The patamon slammed his face to table, he regret being part of this romantic movie. Julian just kept thinking about how close he was to hiring batman to solve this crime, but nooooo he was too busy fighting aliens to come save Christmas. But hey as long those two get the job done everything will be fine right ? The mayor continued to listen to the conversation till Katherine made some cases for her being the new batgirl the city needs, she caught on and knew who to follow the evil grinch. The mayor whipped his head back up looking excited, finally something interesting and relevant to talk about.
"Yes! The grinch, I heard he is a mean one. Apparently rumor has it that he does not celebrate christmas for religious reasons, what a big jerk am I right ? But anyways, lets step back. What !? His sock was in the grocery store ? Is no one going to question this ? You guys are detectives, how can you- screw it I am pretty sure there is no internal logic and we are just improvising as we go along." The mayor then watched as Akemi patted the dog, while it was kinda sweet, Julian now knows Katherine is way in the lead in terms of being an actual detective.

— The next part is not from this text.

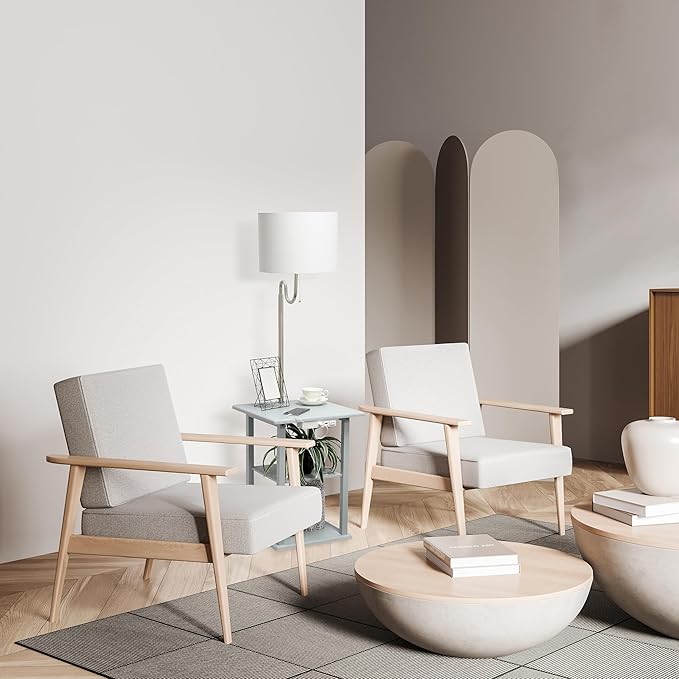 Simple Designs LF2016-GRY 57" Modern 2 Tier End Table Floor Lamp Combination with 2 x USB Charging Ports & Power Outlet with White Drum Fabric Shade for Bedroom, Living Room, Office, Gray - LeafyLoom
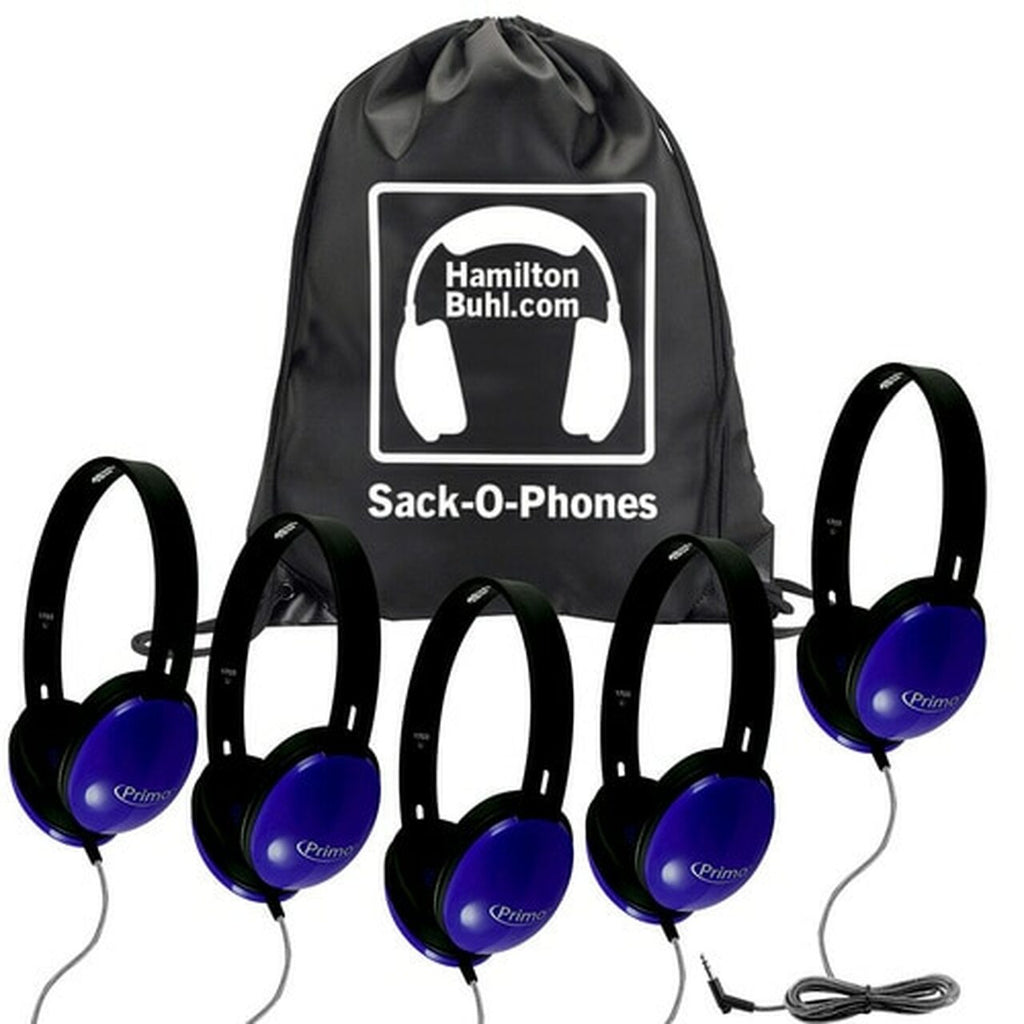 HamiltonBuhl Sack-O-Phones, 5 Blue Primo Headphones | MaxStrata®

Back to the probably evil Clearlöwemon who only got mad when the lewd and crude santa tried to shift blame, only proving to him that she is an evil coward that ruins everything. "Silence! You no longer have the right to talk anymore, you lost that right. Now my beautiful assistant bring me the te-." And oops that did not last long, Roy face palmed using both of his hands as he took a deep breath in and out, why must Jazz do all of this ? "Wait no! Don't take the blindfolds, dang it Jazz. Ah well its not like things will change either way, our plan to save christmas is underway. I bet the mayor and Batman are going to suspect the grinch first, but they will find nothing. Muhahahahahahaha, nya~" the evil cat was so evil, oh my god christmas is in danger, what will our heroes do ?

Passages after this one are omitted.